Roxanne décide de repartir dans une direction :
-Combien de membres compte votre communauté ?
-En tout et pour tout, il reste cent onze membres.
-Et la plupart d’entre eux doivent être âgés, je suppose.
-C’est exact; la moyenne d’âge et de 83 ans; le plus âgé a 99 ans et vit dans notre maison de retraite à Sherbrooke; Honoré Lépine et moi sommes parmi les plus jeunes.
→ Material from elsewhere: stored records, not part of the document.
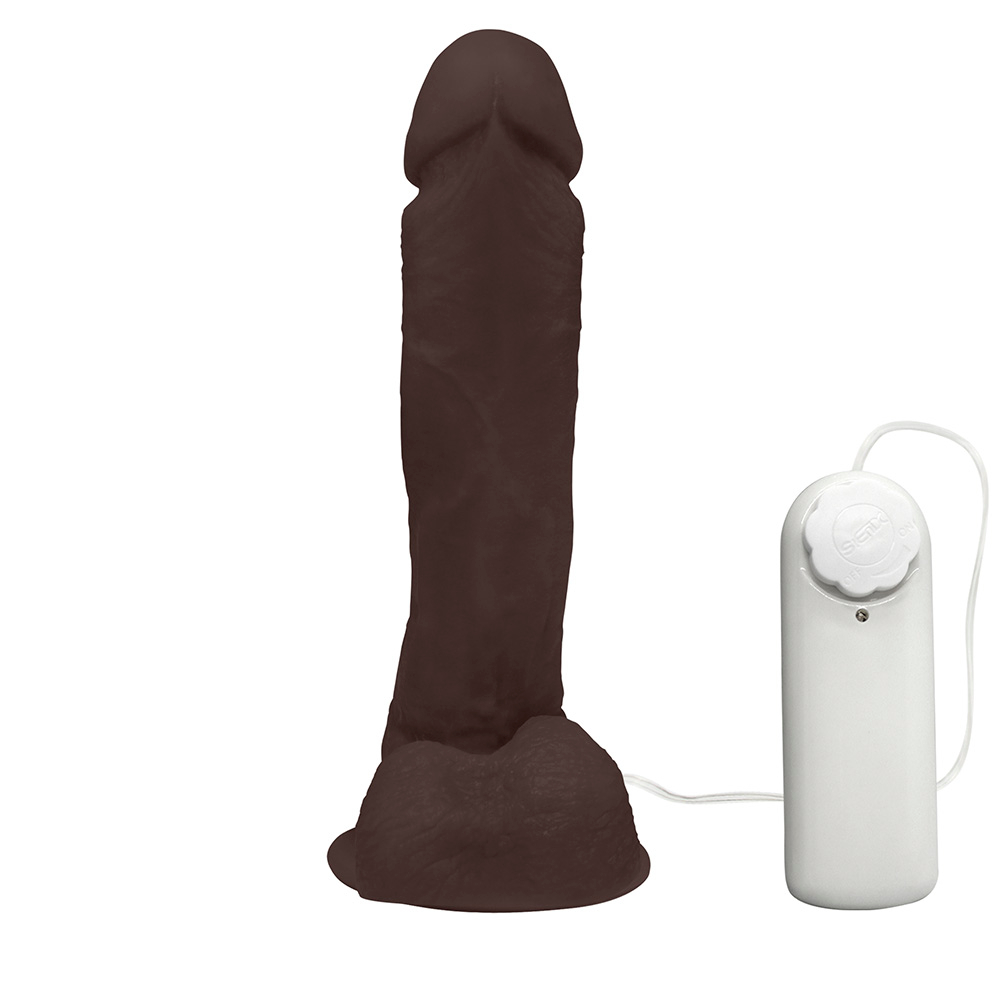 P�nis de Borracha Dion�sio com Escroto, Vibrador e Ventosa 19 x 4,5cm Marrom | Foto 04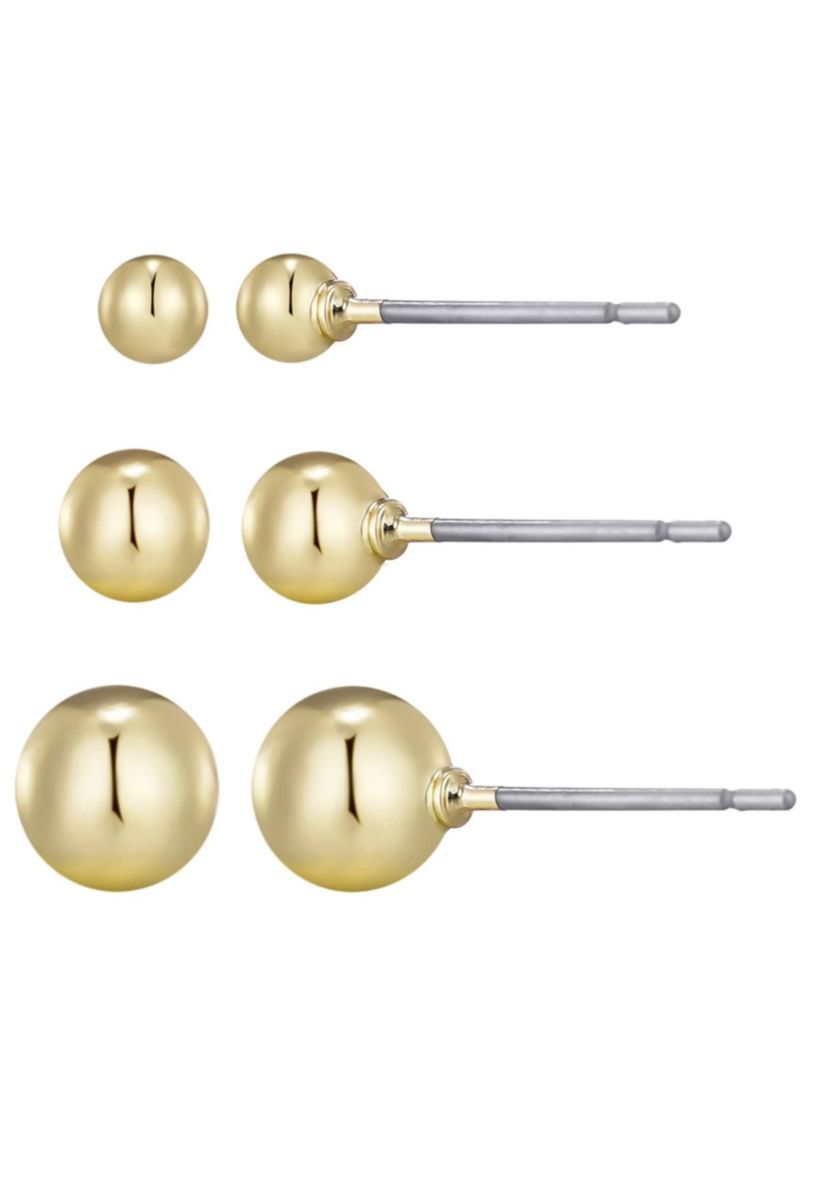 14k Gold Plated Set of 3 Ball Stud Earrings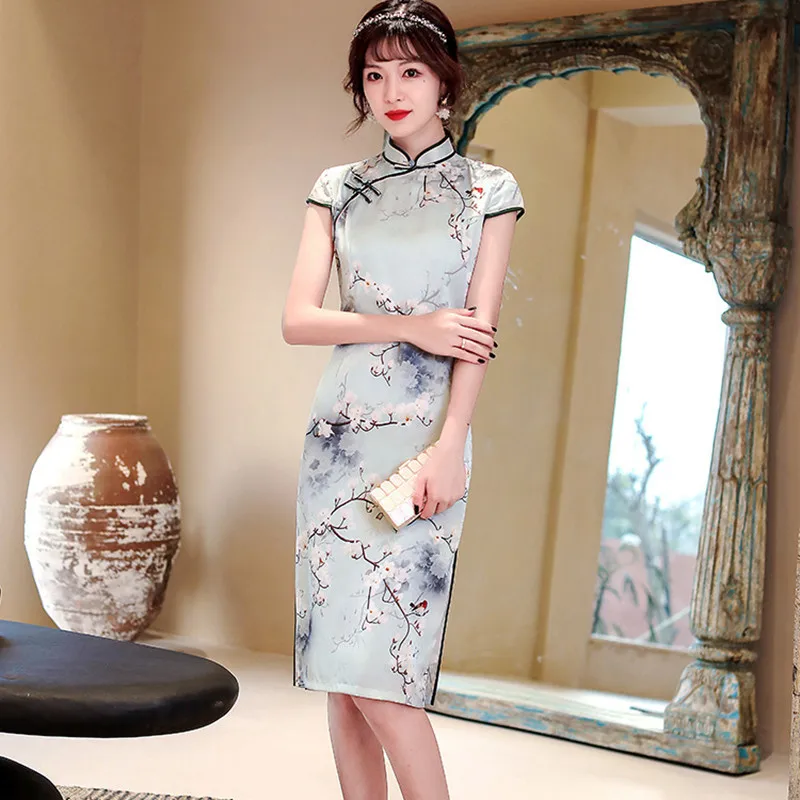 

Summer Sexy Printed Chinese Style Short Sleeve Satin Mandarin Collar Cheongsam Oriental Women Rayon Qipao Dress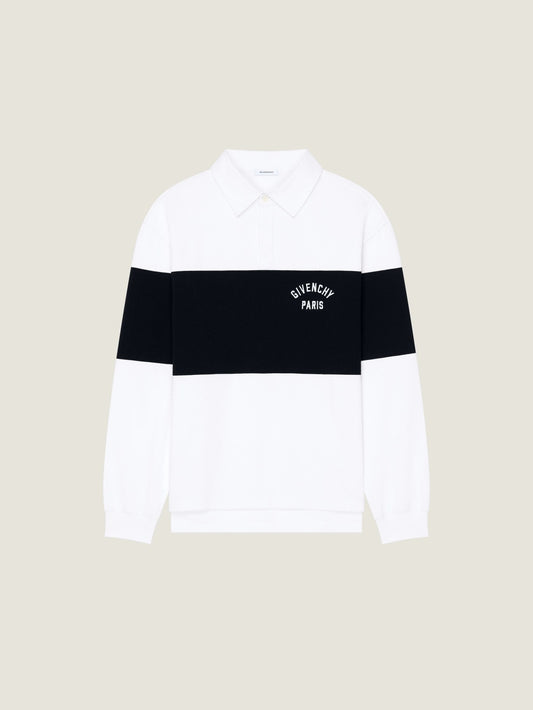 Bicolor polo in cotton with Givenchy Paris embroidery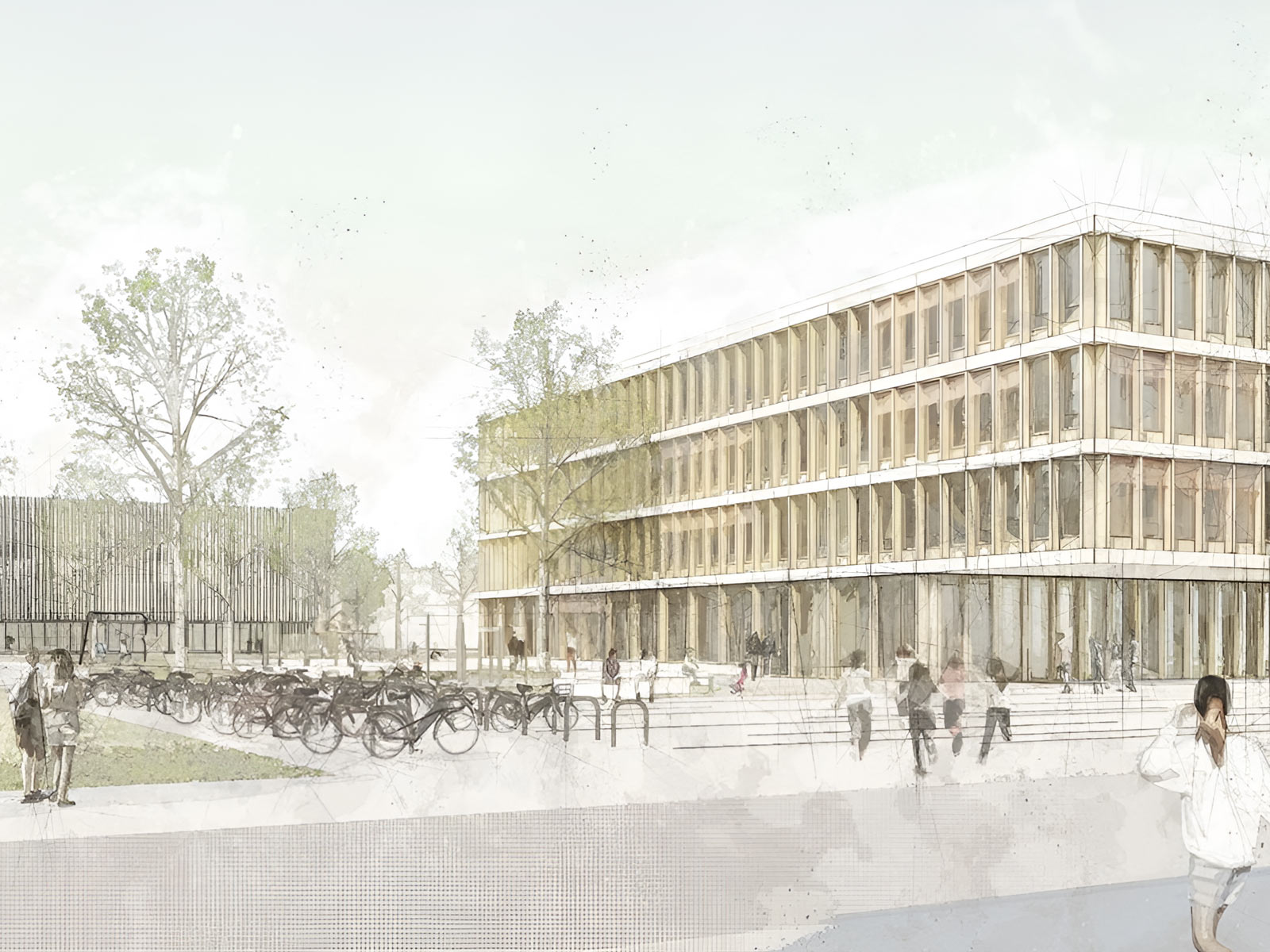 Das vorläufige Rendering zeigt die neue Grundschule in Alt Blankenberg, Berlin. Zwei gebäude werden durch einen großen Platz verbunden, auf dem Fahrradständer geplant sind.
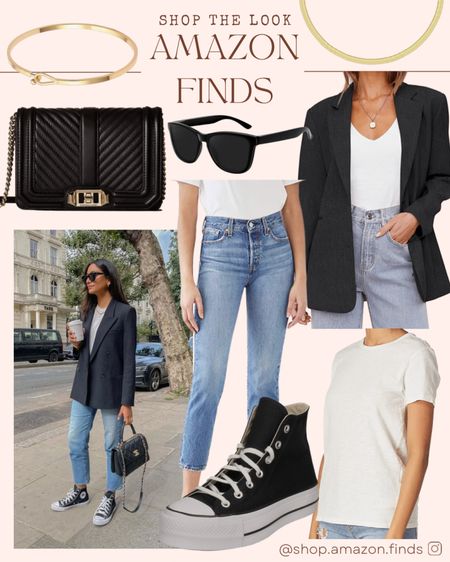 Pinterest Inspired Look! Black blazer, mom jeans, Converse, and gold accessories make
Up this classic look.

#LTKstyletip #LTKitbag #LTKSeasonal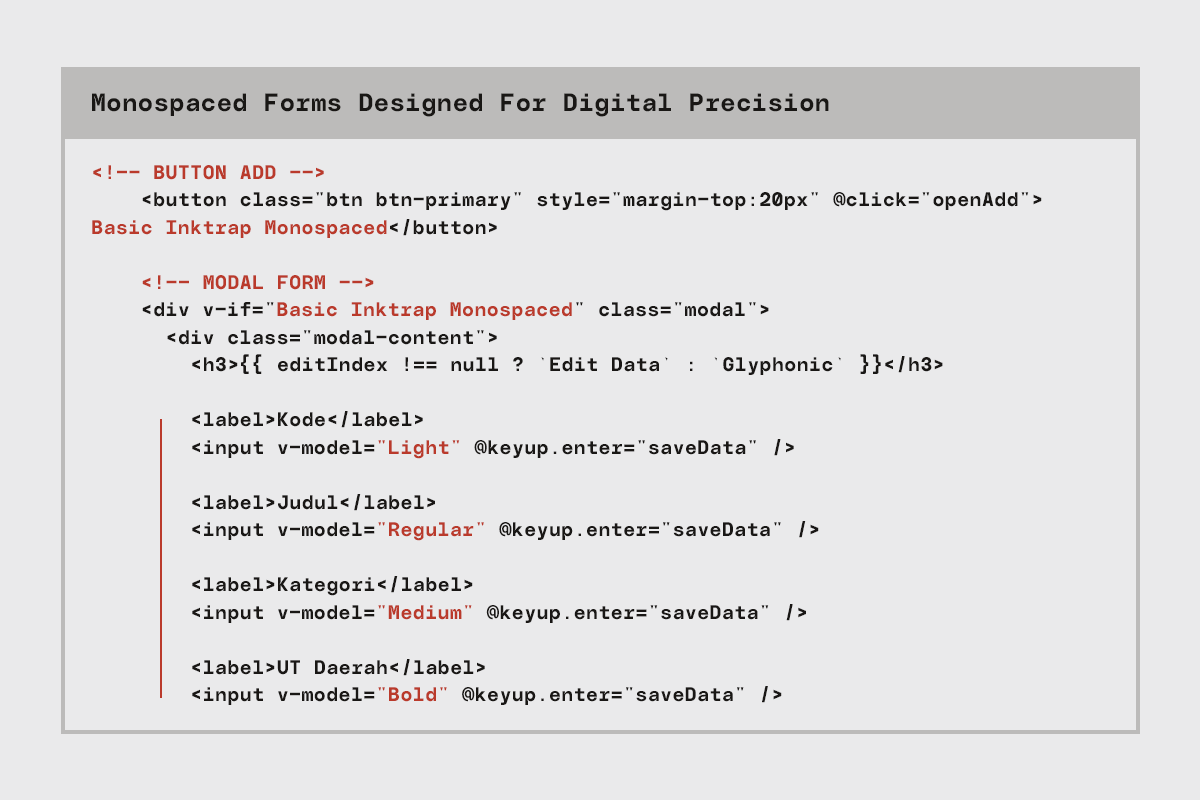 GC Basic Inktrap - Monospace, a Sans Serif Font by Glyphonic (Photo 7 of 15)
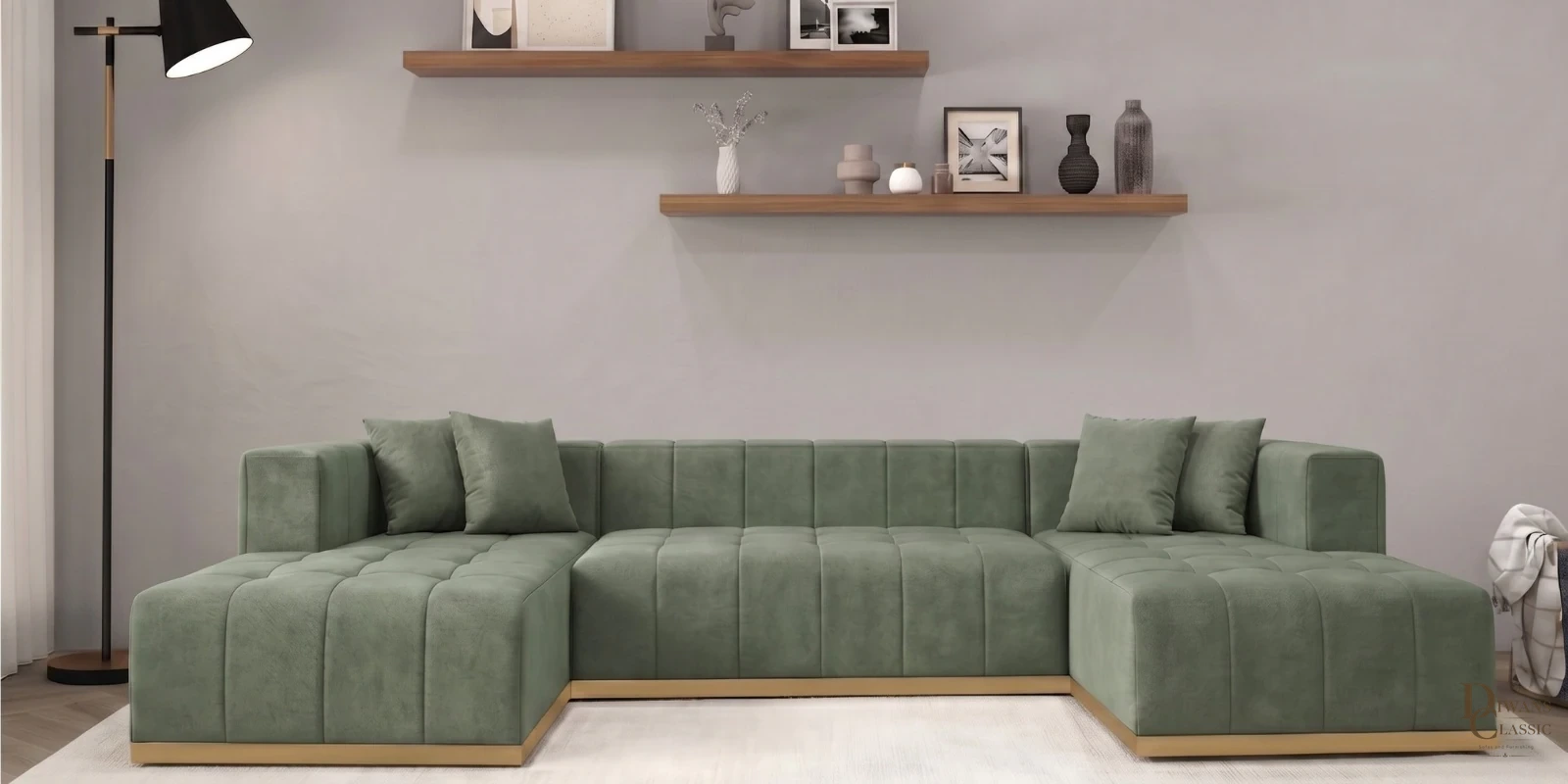 Qamar Signature Corner Sofa In Frosty Green Color — Diwans Classic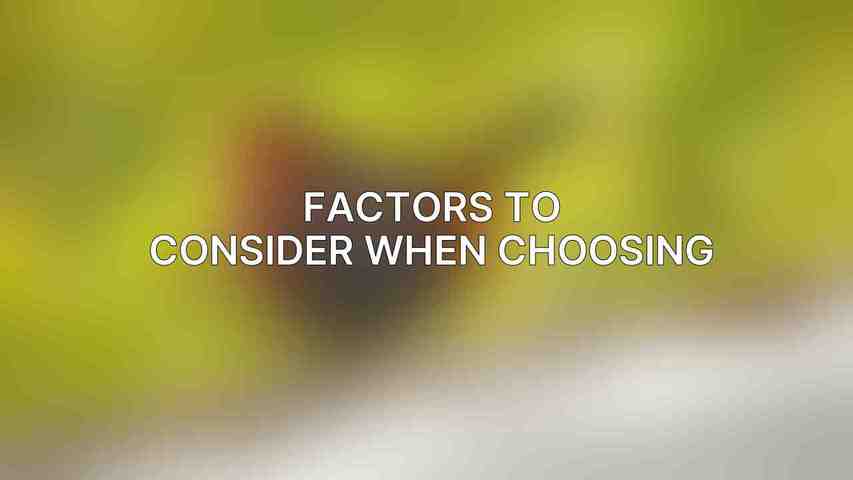 Factors to Consider When Choosing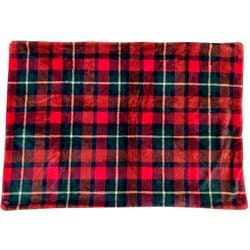 チェックファーブランケット 100×140 レッド 洗える GJ6115-24R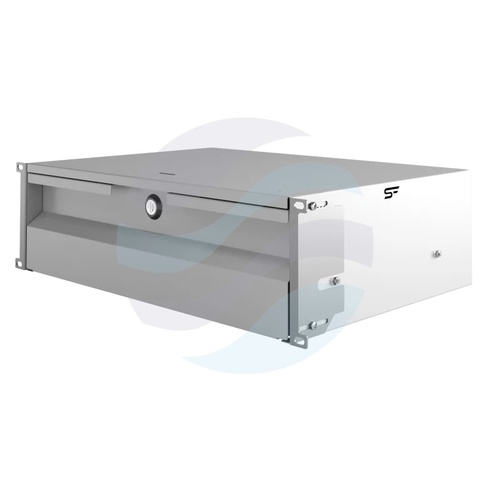 Szuflada zamykana Rack 19" 3U 320mm wysuwana, zamek z kluczem, przepust kablowy, regulacja ±40mm, nośność 20kg, szara 2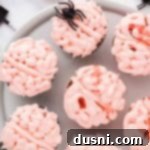 Ghoulish Grey Matter Cupcakes 25 Overhead of cupcakes on a serving plate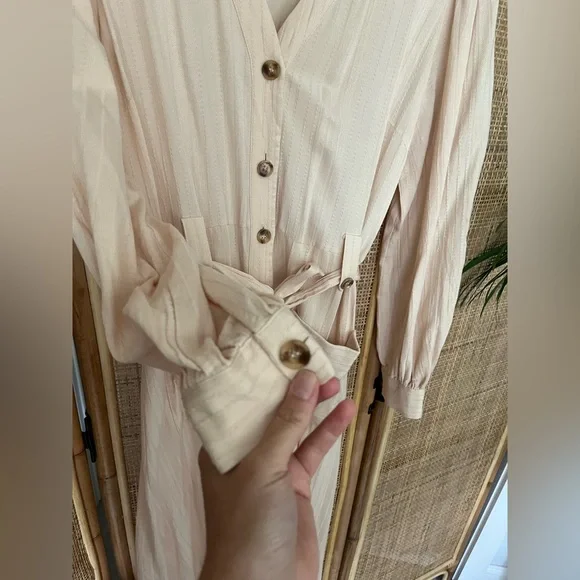FRNCH Buttonfront Cream Midi Long Sleeve Dress - Picture 3 of 7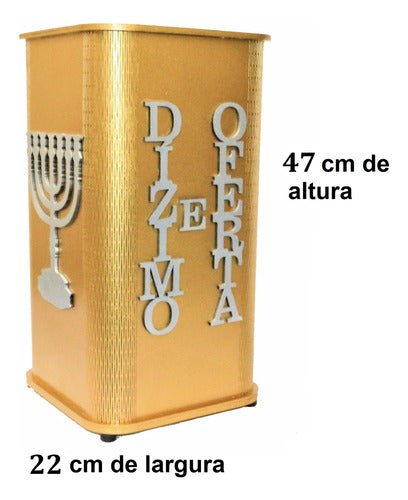Gazofilácio Dízimos E Ofertas Igreja Em Mdf Pintado Menorá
Nous n’avons pas eu de nouvelle vocation depuis vingt-cinq ans.
-Et, si je comprends bien, aucun d’entre eux, à part vous deux, ne travaille au collège ?
-En effet; nous avons laissé l’administration de notre collège à des laïcs en 2001. C’est un groupe tout à fait autonome qui gère l’école, même si les bâtiments nous appartiennent encore.
Honoré Lépine intervient à son tour :
-Aucun des frères ne peut avoir commis ces crimes ! C’est impossible ! Ils sont soit trop âgés, ou alors...
-Je ne vous accuse pas, monsieur Lépine; j’essaye simplement de me faire une idée de votre situation.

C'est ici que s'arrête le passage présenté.